Skip the pictures and repeat each line of the data exactly.

Supplied information:
====================
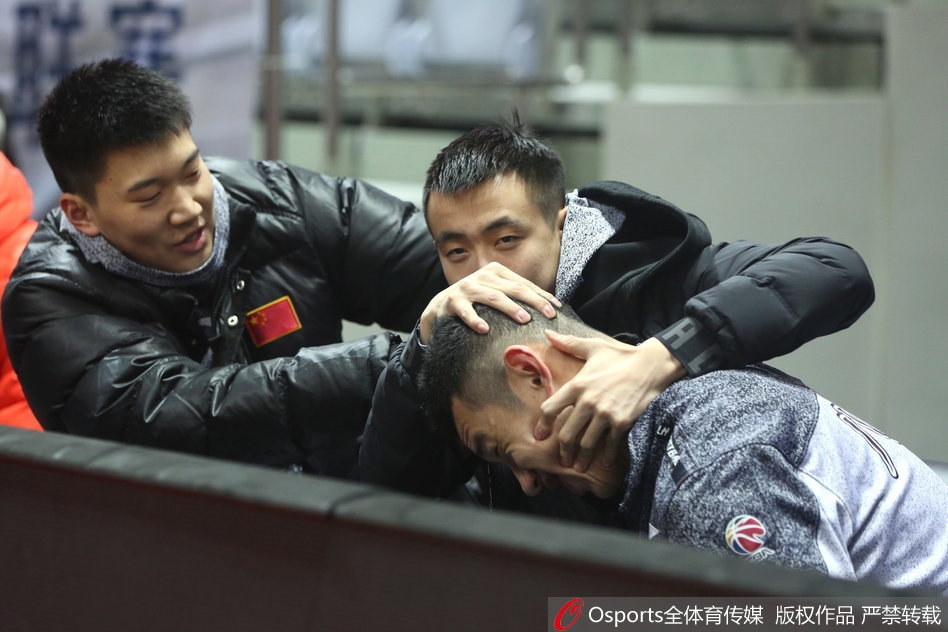 赵继伟走到场边,俯身听郭士强讲解战术,助教在旁边比划着手势,继伟频频点头,眼中透着思索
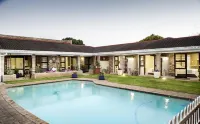 Wagtails Guest House - Private Pools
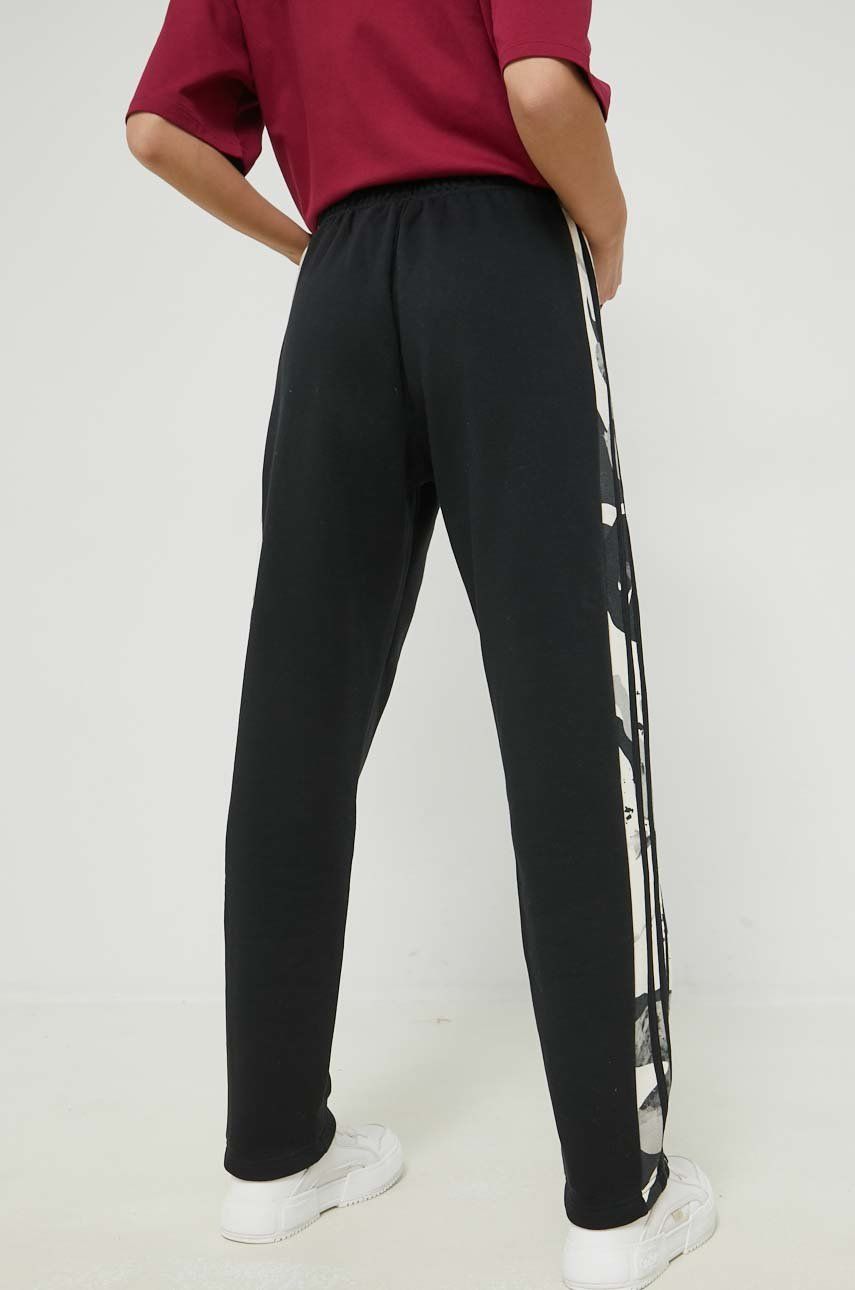 Adidas Originals Pantaloni De Trening Barbati, Culoarea Negru, Modelator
====================
Exercise response:
 赵继伟走到场边,俯身听郭士强讲解战术,助教在旁边比划着手势,继伟频频点头,眼中透着思索
 Wagtails Guest House - Private Pools
 Adidas Originals Pantaloni De Trening Barbati, Culoarea Negru, Modelator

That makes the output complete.